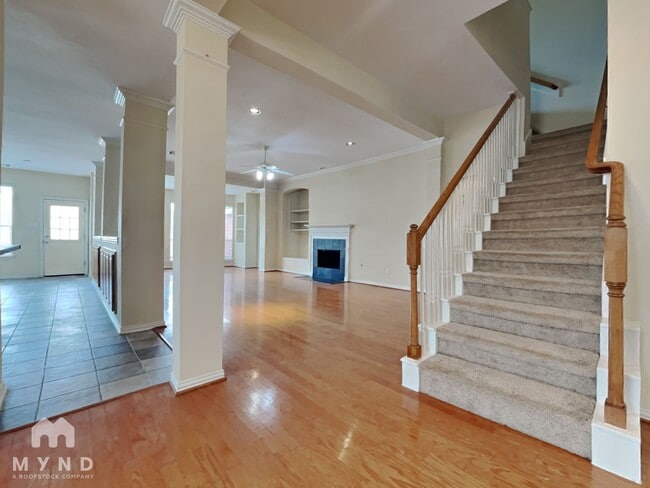 Photo - 3009 Fallbrook Ct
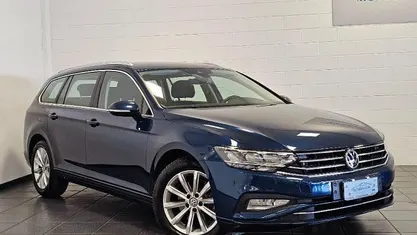 Blu/azzurro Usata 2020 VW Passat Executive Station wagon | 17.900 € (Buon prezzo)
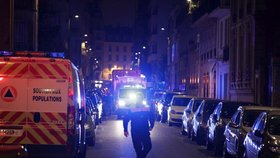 Při tragickém požáru v Paříži zahynulo několik lidí.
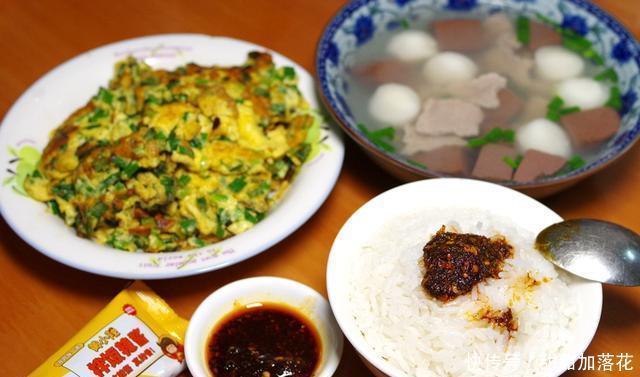 黄小辣|友人赠我黄小辣拌饭辣酱,瞧瞧,俺解锁出了更多用法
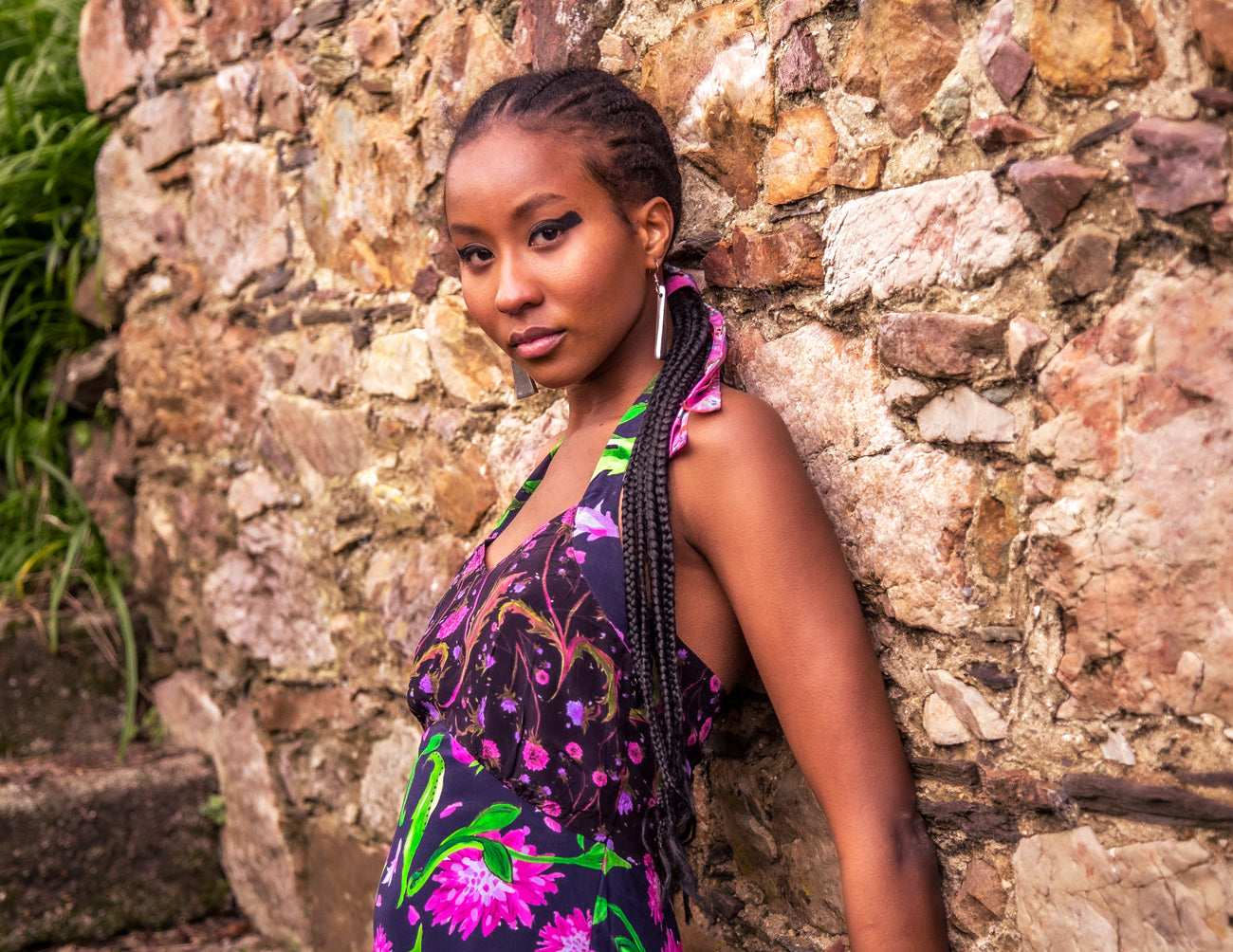 The Saoirse dress in navy/black strawberry floral print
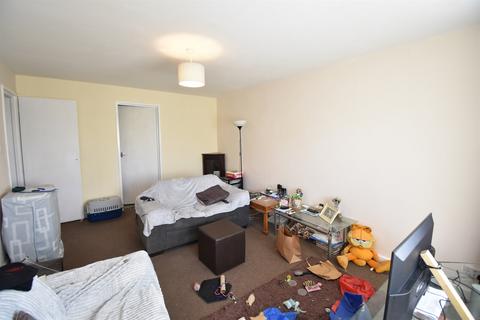 1 bedroom property for sale, Ryedene Close, Basildon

- [Activity]: Every line from the one containing "Blu/azzurro Usata 2020" to the final line of the records must be transcribed exactly, both ends included, with the pictures left out.

- [Response]:
 Blu/azzurro Usata 2020 VW Passat Executive Station wagon | 17.900 € (Buon prezzo)
 Při tragickém požáru v Paříži zahynulo několik lidí.
 黄小辣|友人赠我黄小辣拌饭辣酱,瞧瞧,俺解锁出了更多用法
 The Saoirse dress in navy/black strawberry floral print
 1 bedroom property for sale, Ryedene Close, Basildon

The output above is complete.